DATASET SECTION section start

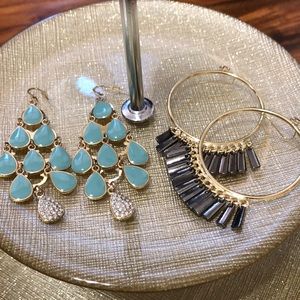 2 pair of earrings hoop and chandelier style
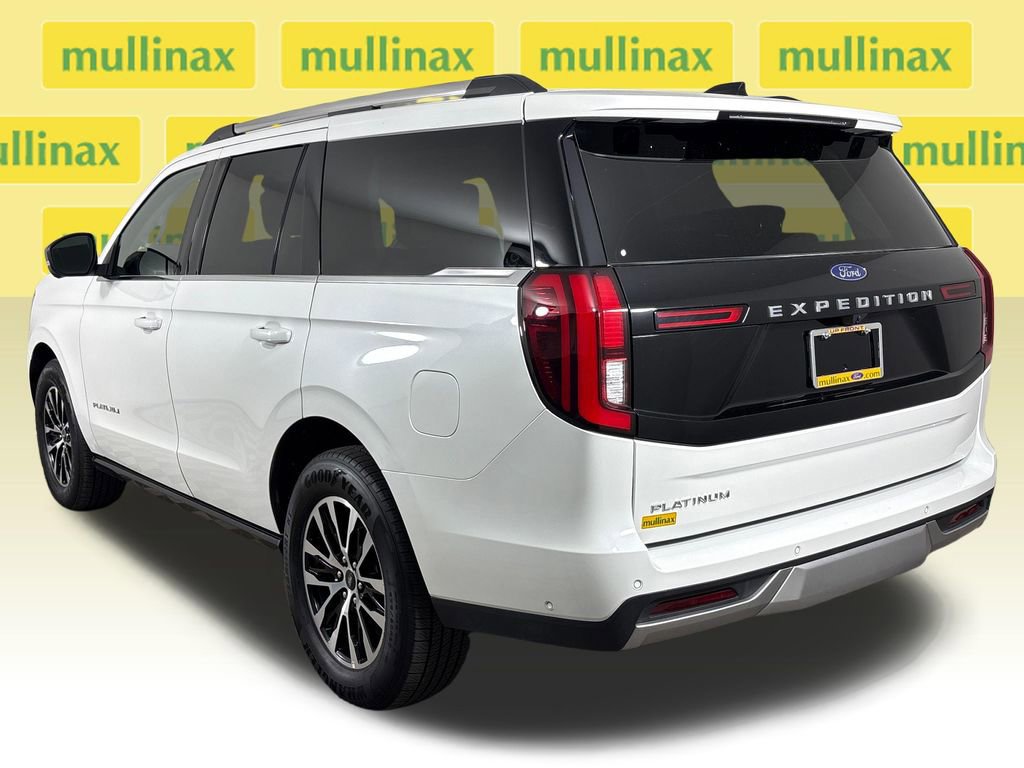 Certified 2025 Ford Expedition Platinum image 3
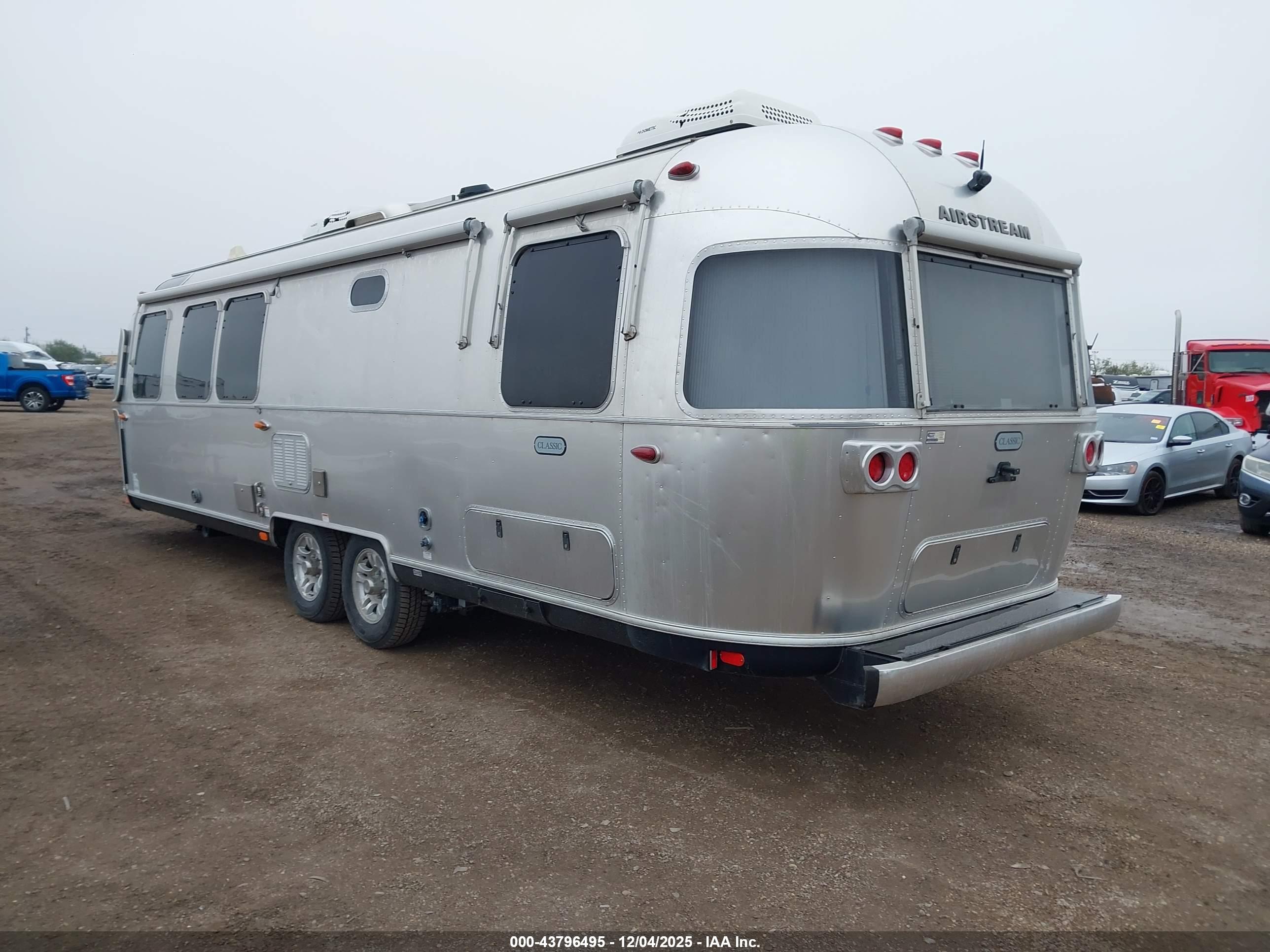 AIRSTREAM 30 image 3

DATASET SECTION section end

## PROBLEM DETAILS
You are asked to reproduce each line above exactly, but to exclude the pictures.

## OUTPUT FOR THIS EXERCISE
 2 pair of earrings hoop and chandelier style
 Certified 2025 Ford Expedition Platinum image 3
 AIRSTREAM 30 image 3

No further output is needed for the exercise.